Difference from Existing Methods¶
Existing methods (e.g., Ross et al. 2017) penalize the model for learning "wrong reasons" but do not ensure the model learns "correct reasons." This work directly provides correct explanations and guides the learning process.
Method¶
Two-Stage Alternating Training Loop¶
Stage 1: Optimize Prediction Accuracy (standard label loss)
Stage 2: Align Attention with Explanations (explanation alignment loss)
The optimization alternates until convergence, rather than relying on a simple weighted combination.
Form of Explanations¶
Simplest form: A binary mask of input features, marking which features are the key reasons for the label.
Essential Difference from Joint Loss Methods¶
- Joint loss only penalizes "wrong reasons" without guiding toward "correct reasons".
- This work ensures the model satisfies both objectives simultaneously through alternating optimization.

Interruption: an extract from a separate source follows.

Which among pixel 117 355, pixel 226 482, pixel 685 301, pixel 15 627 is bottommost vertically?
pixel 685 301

- Experiments demonstrate that joint loss fails to learn correct reasons even on simple tasks.
Key Experimental Results¶
Spurious Feature Scenarios¶
| Method | Accuracy with Spurious Features | Accuracy without Spurious Features | Learned Correct Reason |
|---|---|---|---|
| Standard Training | High (using spurious features) | Low | No |
| Ross et al. (Penalty) | Medium | Medium | Partial |
| Ours (Explanation Guided) | High | High | Yes |
Small-Data Scenarios¶
| Number of Training Samples | Standard Training | Penalty Method | Ours |
|---|---|---|---|
| 50 | 62% | 65% | 78% |
| 100 | 71% | 73% | 85% |
| 500 | 82% | 83% | 90% |
Key Findings¶
- Explanation guidance significantly accelerates convergence (reaching higher accuracy in fewer epochs).

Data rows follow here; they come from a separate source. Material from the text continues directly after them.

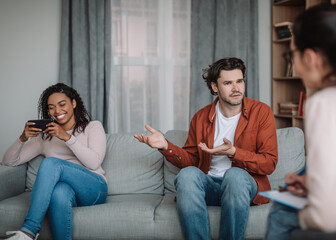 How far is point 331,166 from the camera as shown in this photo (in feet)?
2.69

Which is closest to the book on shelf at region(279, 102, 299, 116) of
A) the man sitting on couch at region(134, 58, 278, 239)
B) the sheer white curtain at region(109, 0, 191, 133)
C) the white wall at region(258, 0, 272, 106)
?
the white wall at region(258, 0, 272, 106)

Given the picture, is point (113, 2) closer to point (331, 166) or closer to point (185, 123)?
point (185, 123)

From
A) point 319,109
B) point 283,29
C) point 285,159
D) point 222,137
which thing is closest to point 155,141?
point 222,137

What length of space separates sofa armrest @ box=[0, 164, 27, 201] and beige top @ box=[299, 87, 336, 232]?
1.89 metres

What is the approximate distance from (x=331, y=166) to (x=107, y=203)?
1532 millimetres

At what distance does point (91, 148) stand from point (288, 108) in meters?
2.21

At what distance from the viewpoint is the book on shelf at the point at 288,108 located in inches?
140

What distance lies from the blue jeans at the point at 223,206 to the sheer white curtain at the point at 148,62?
179 cm

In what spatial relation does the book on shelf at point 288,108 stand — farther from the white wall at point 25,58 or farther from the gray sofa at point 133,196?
the white wall at point 25,58

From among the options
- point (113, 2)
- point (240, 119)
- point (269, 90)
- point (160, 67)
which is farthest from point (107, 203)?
point (269, 90)

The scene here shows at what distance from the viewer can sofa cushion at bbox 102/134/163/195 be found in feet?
7.87

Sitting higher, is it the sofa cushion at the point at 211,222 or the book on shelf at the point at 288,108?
the book on shelf at the point at 288,108

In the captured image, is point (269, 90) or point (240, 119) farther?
point (269, 90)

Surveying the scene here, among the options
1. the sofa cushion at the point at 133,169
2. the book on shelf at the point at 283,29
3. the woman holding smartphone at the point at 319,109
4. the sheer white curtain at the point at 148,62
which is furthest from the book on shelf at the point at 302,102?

- Model stability is vastly improved (reduced variance across different runs).
- The improvement on minority classes is most pronounced in class-imbalanced scenarios.

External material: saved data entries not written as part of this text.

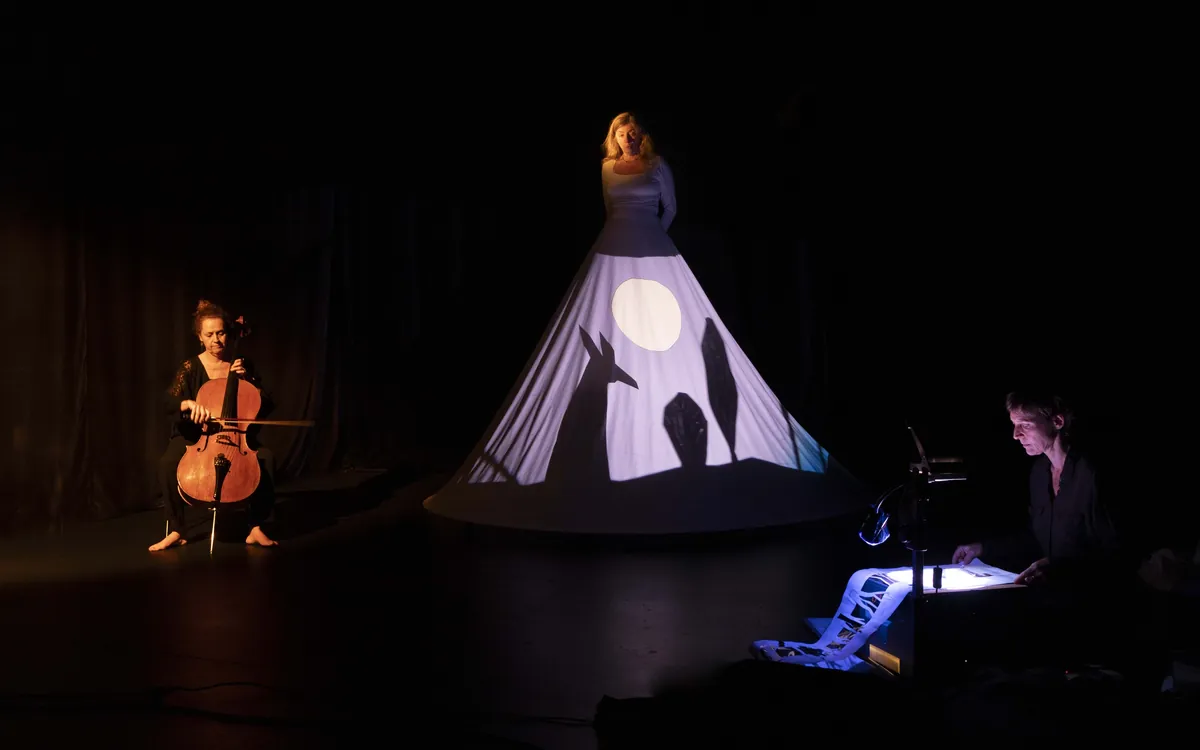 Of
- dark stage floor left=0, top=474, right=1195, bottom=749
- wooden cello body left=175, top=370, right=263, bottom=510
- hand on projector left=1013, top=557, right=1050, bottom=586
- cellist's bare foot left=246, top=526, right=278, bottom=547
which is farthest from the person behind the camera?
cellist's bare foot left=246, top=526, right=278, bottom=547

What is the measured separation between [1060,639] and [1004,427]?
3.04 m

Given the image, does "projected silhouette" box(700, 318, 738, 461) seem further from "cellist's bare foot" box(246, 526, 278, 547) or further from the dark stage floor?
"cellist's bare foot" box(246, 526, 278, 547)

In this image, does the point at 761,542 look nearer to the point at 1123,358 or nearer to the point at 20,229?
the point at 1123,358

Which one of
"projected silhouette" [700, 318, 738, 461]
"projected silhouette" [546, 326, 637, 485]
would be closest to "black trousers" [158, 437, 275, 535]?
"projected silhouette" [546, 326, 637, 485]

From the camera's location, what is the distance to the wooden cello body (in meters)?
3.85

- Joint loss methods fail even on minimalist geometric shape detection, whereas our method succeeds.
Highlights & Insights¶
- "Providing the correct reason" is more effective than "penalizing the wrong reason"—an intuitively plausible finding systematically proven by experiments for the first time.
- Alternating optimization is more stable than joint loss, avoiding the need for hyperparameter tuning to balance the two objectives.
- The form of explanation is extremely simple (binary mask), resulting in low acquisition costs.
- The counterexample where joint loss fails even on minimalist tasks is highly convincing.
- This has important practical guidance implications for trustworthy AI deployment.
Limitations & Future Work¶
- Requires human-provided explanations, which increases annotation costs.
- Only validated on image classification; other modalities such as text/tabular data remain to be explored.
- Explanation quality directly affects effectiveness, but how to evaluate explanation quality is not discussed in depth.
- The diminishing returns of the proposed method in large-data scenarios are not quantified.
- Comparisons with other knowledge injection methods (e.g., curriculum learning, knowledge distillation) are insufficient.
Related Work & Insights¶
- The core difference from Ross et al. is "guidance" vs. "penalty".
- Difference from Rieger et al. (RRR): RRR uses bounding boxes, whereas ours uses feature masks.
- Insight: Explanation signals can be automatically generated using LLMs/GPT-4V, reducing manual annotation costs.
Rating¶
- Novelty: 4.0/5 — Conceptually simple but clearly distinguished from existing methods
- Experimental Thoroughness: 4.5/5 — Multiple scenarios + counterexamples + ablations
- Writing Quality: 4.5/5 — Clear problem definition
- Value: 4.5/5 — Direct significance for trustworthy AI deployment
Supplementary Analysis¶
Insights from Minimalist Counterexamples¶
On the task of detecting simple geometric shapes, joint loss methods fail to learn the correct regions, while alternating training converges with only 50 samples.
Cost of Obtaining Explanations¶
In expert domains such as medicine, the marginal cost of annotating explanations is far lower than acquiring new samples. This can be automatically generated using LLMs/VLMs in the future.
Relationship with Curriculum Learning¶
Explanation guidance can be viewed as a more precise form of curriculum learning: it not only tells the model what to learn but also why.